From the line containing "A diverse collection of mixed nuts" down to the last line of the material, output each line exactly as it appears, excluding pictures.

*GIVEN INFORMATION*

-=-=-

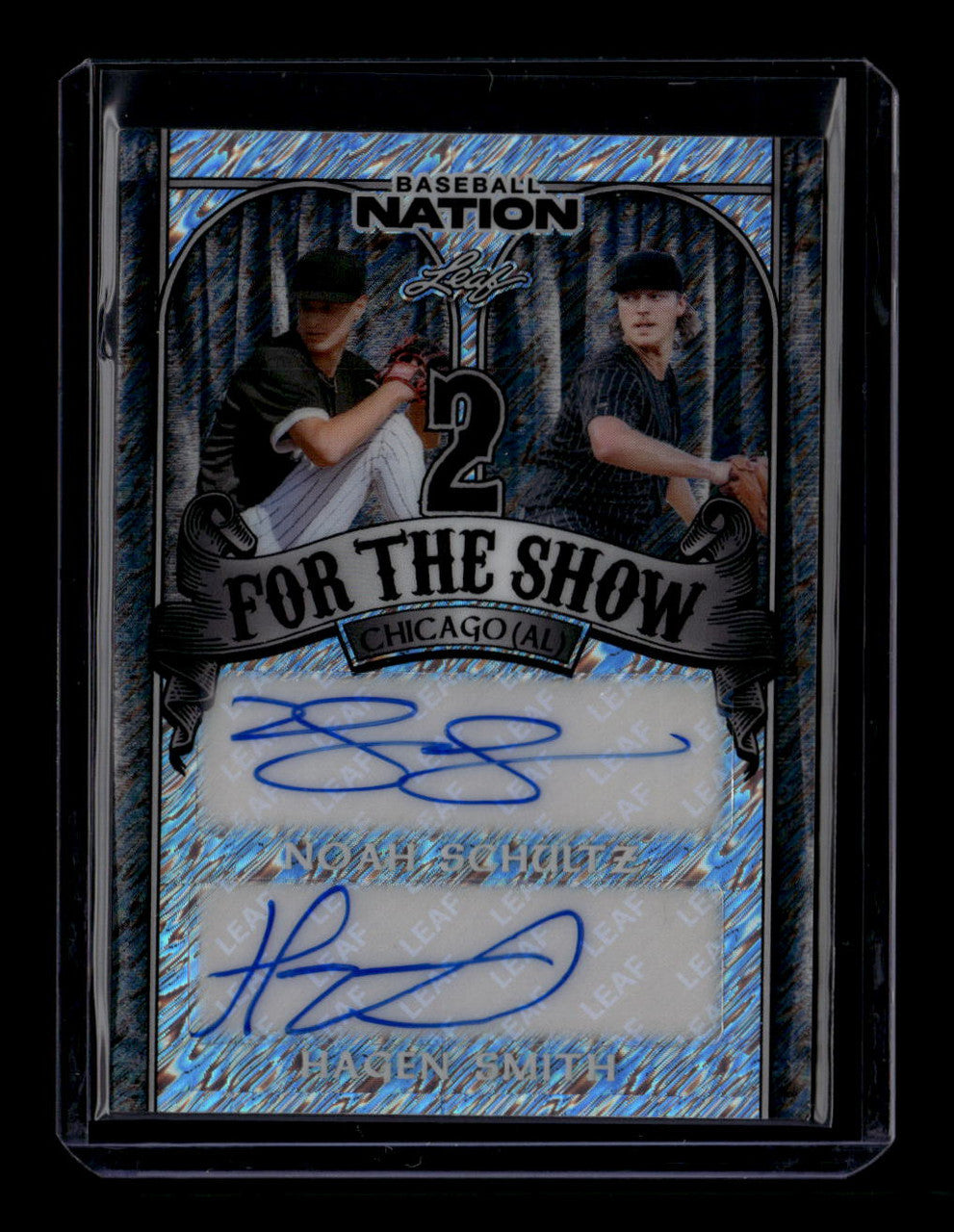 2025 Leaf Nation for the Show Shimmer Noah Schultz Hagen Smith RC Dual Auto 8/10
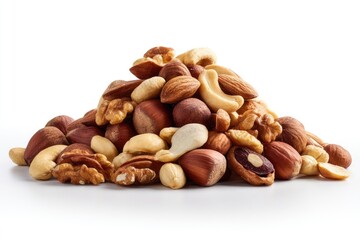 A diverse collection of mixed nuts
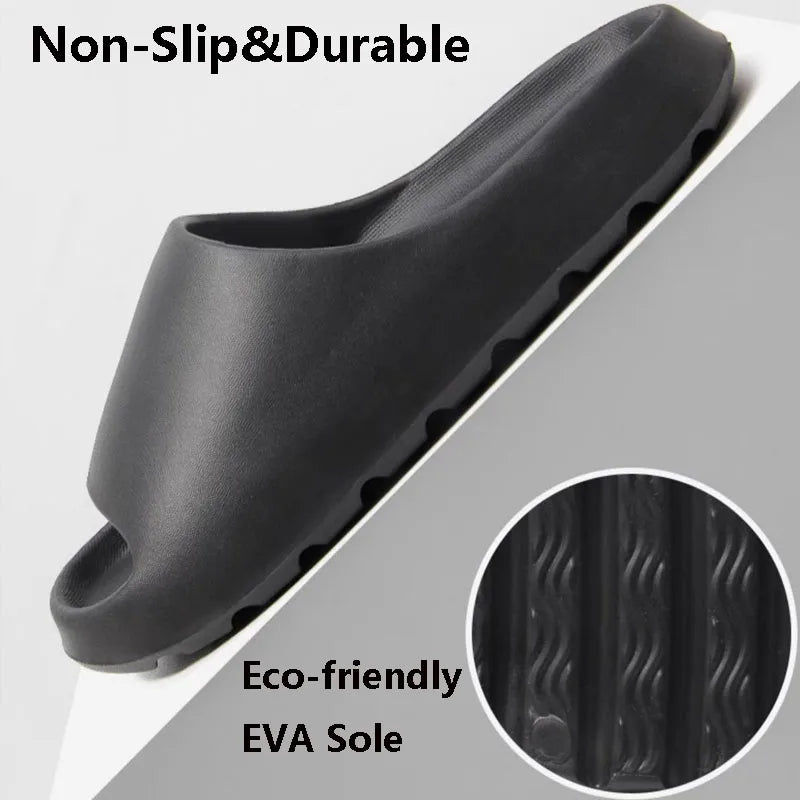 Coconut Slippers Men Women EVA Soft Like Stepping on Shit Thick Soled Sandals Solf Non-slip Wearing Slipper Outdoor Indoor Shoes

-=-=-

*EXERCISE SOLUTION*
 A diverse collection of mixed nuts
 Coconut Slippers Men Women EVA Soft Like Stepping on Shit Thick Soled Sandals Solf Non-slip Wearing Slipper Outdoor Indoor Shoes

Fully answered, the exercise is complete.